Top 10 Movies Of 2012 (MovieMantz)

Another moviegoing year has come and gone, but never before has a year been as bottom-heavy with quality films as 2012, thanks to a plethora of great movies that came out during the fall season.

It’s a release pattern that’s common practice among film distributors, due to the false impression that Academy voters will only remember the last movies they saw while filling out their Oscar ballots.

But that ritual of saving the best for last became glaringly obvious to me while I rounded out my best-of list for 2012, which included just one studio film that came out before the fall. (Can you guess which one it is?)

10) “End of Watch”: Written and directed by David Ayer (who wrote “Training Day”), this gritty, violent and visceral look at the professional and personal lives of two LAPD officers was intense from start to finish. But what really made it the best cop thriller in years was the authentic chemistry between Jake Gyllenhaal and Michael Pena, who played the devoted partners who had each other’s backs at all costs.

9) “Wreck-It Ralph”: A sweet, clever and funny animated gem from Disney that did for classic video games what “Toy Story” did for, well, toys. Without question, it’s the best animated film since “Toy Story 3.”

8) “Life of Pi”: More than just being a groundbreaking technological achievement with the best visual effects to hit the big screen since “Avatar,” director Ang Lee’s fully immersive 3D adaptation of the best-selling novel was a magical, compelling and deeply profound meditation about the nature of survival, faith and existence.

7) “Searching for Sugar Man”: A documentary so incredible and unbelievable, it’s hard to believe that it really happened. But it did, and the true story of a lost 1970’s singer-songwriter from Detroit who got a hero’s welcome from adoring fans in South Africa – where he was more popular than Elvis – was a beauty to behold.

6) “Amour”: Winner of the Palme d’Or at the Cannes Film Festival, director Michael Haneke’s haunting and wholly absorbing drama about an elderly French couple faced with declining health was touching, intimate, delicate, harrowing, scary, devastating and powerfully acted by Jean-Louis Trintignant and Emmanuelle Riva.

5) “The Dark Knight Rises”: The crowning achievement of Christopher Nolan’s landmark Batman trilogy was intelligent, relevant, grounded, epic, exciting and full of surprises. Upon its release in July, it brought this trailblazing series to the rousing and unforgettable conclusion that it deserved.
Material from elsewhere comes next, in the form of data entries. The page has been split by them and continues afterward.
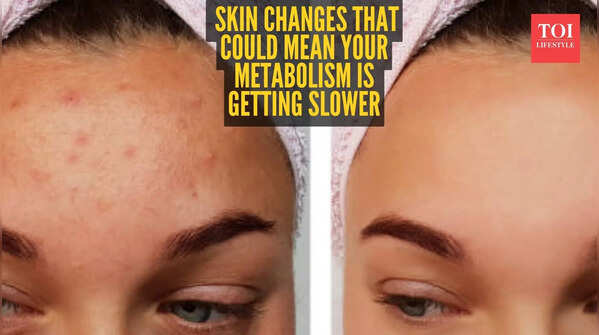 Is your metabolism slowing down? 5 skin signs to watch for
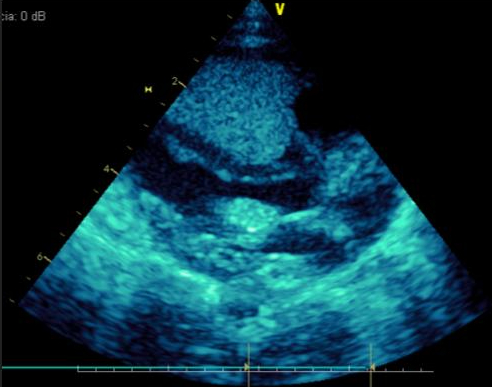 Figura 2 - Rabdomioma ocupando quase toda cavidade ventricular direita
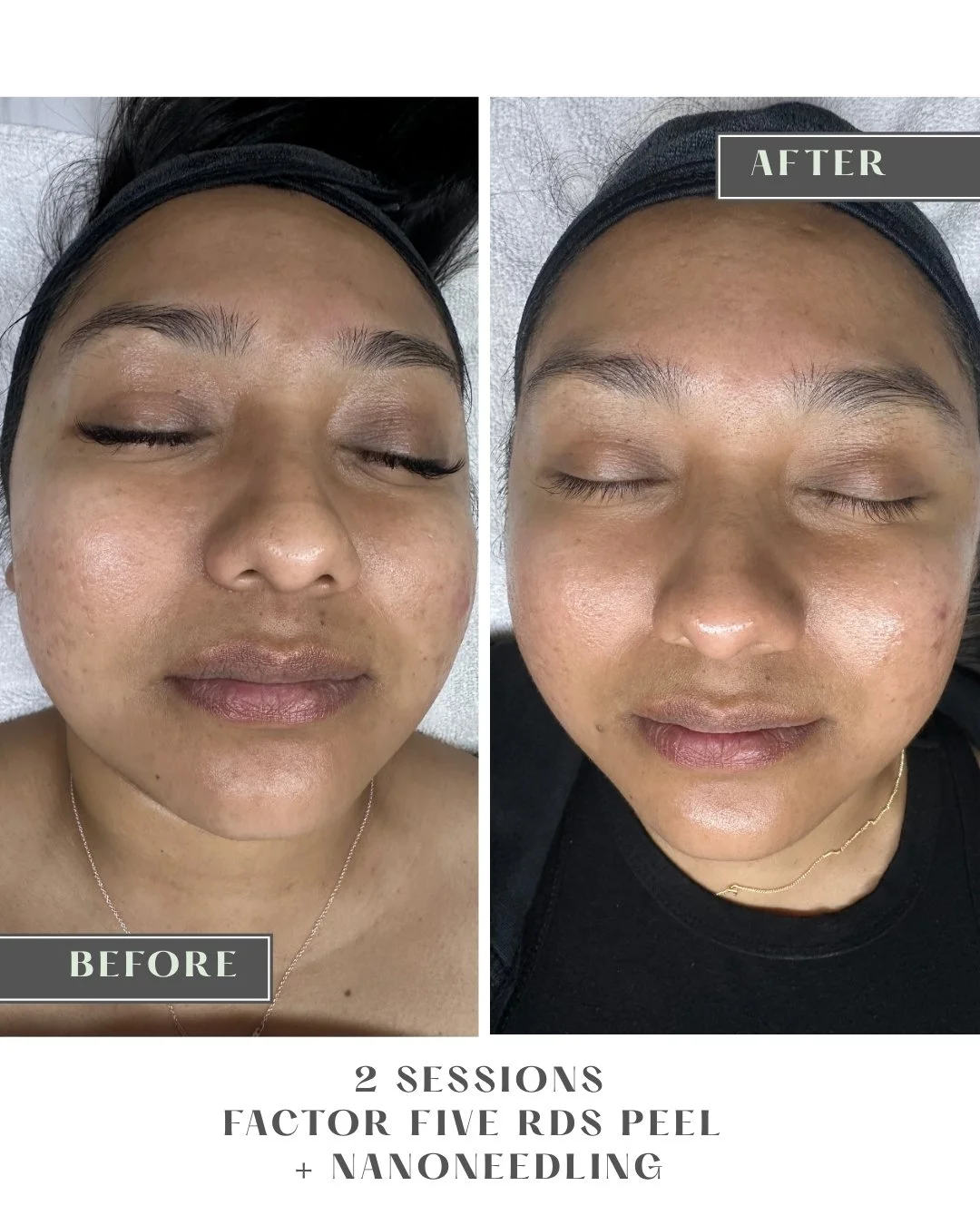 The Hidden Reason Your Skincare Isn’t Working: Why Barrier Health is the Foundation of Longevity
4) “Skyfall”: Nobody did it better than James Bond’s excellent 23rd installment, a reboot of sorts that effectively did for Bond what “The Dark Knight” did for superheroes. Daniel Craig’s third outing as Agent 007 collectively paid tribute to Bond’s 50-year-old past, made him relevant for the present and paved the way for his future.

3) “Silver Linings Playbook”: Writer-director David O. Russell’s charming, funny, smart and very moving follow-up to “The Fighter” cast an irresistible spell, thanks to stellar performances from a terrific ensemble cast (Bradley Cooper, Jennifer Lawrence, Robert De Niro and Jacki Weaver) and a razor-sharp screenplay that infused family dysfunction, mental illness, romance and hilarity.

2) “Zero Dark Thirty”: This gripping and incredibly intense procedural thriller about the hunt for Osama bin Laden came from director Kathryn Bigelow and screenwriter Mark Boal, the Oscar-winning team behind 2009’s Best Picture-winner “The Hurt Locker.” If the intelligence-gathering build-up wasn’t engrossing enough, the visceral 35-minute raid scene all but sealed the deal for their return visit to the Academy Awards.

1) “Argo”: After proving his prowess as a director with 2010’s gritty crime thriller “The Town,” director Ben Affleck upped his game in just about every way for his third time behind the camera. More than being a fascinating, informative, riveting, tense, funny and very entertaining crowd-pleaser, “Argo” also represented a seamless shift in tones before culminating with a rousing conclusion.

Honorable mentions that came really, really close to making this list: “Beasts of the Southern Wild,” “Lincoln,” “The Master,” “Flight,” “The Queen of Versailles,” “Room 237,” “Safety Not Guaranteed” and “Arbitrage.”